Acyclic Preference Systems in P2P Networks

TL;DR

This paper investigates acyclic preference systems in P2P networks, showing they can be represented with symmetric matrices and often form small-world graphs, which has implications for network stability and efficiency.

Contribution

It introduces a method to represent and merge acyclic preference systems using symmetric matrices and analyzes their structural properties in P2P networks.

Findings

Acyclic preference systems can be represented with symmetric mark matrices.

Stable configurations often form small-world graphs.

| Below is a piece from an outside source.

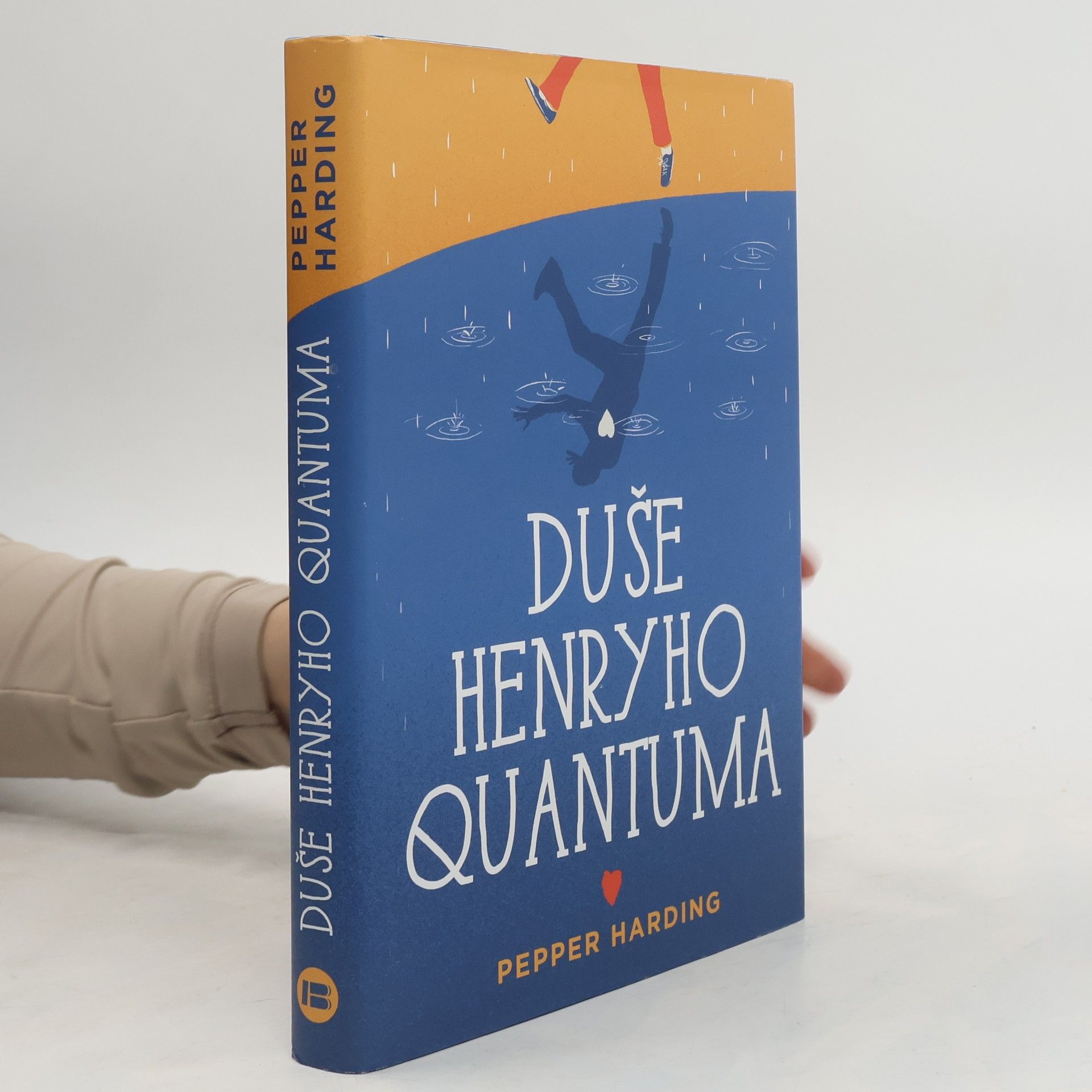 Pepper Harding Duše Henryho Quantuma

Preferences based on real latency measurements lead to small-world stable configurations.

Abstract

In this work we study preference systems natural for the Peer-to-Peer paradigm. Most of them fall in three categories: global, symmetric and complementary. All these systems share an acyclicity property. As a consequence, they admit a stable (or Pareto efficient) configuration, where no participant can collaborate with better partners than their current ones. We analyze the representation of the such preference systems and show that any acyclic system can be represented with a symmetric mark matrix. This gives a method to merge acyclic preference systems and retain the acyclicity. We also consider such properties of the corresponding collaboration graph, as clustering coefficient and diameter. In particular, studying the example of preferences based on real latency measurements, we observe that its stable configuration is a small-world graph.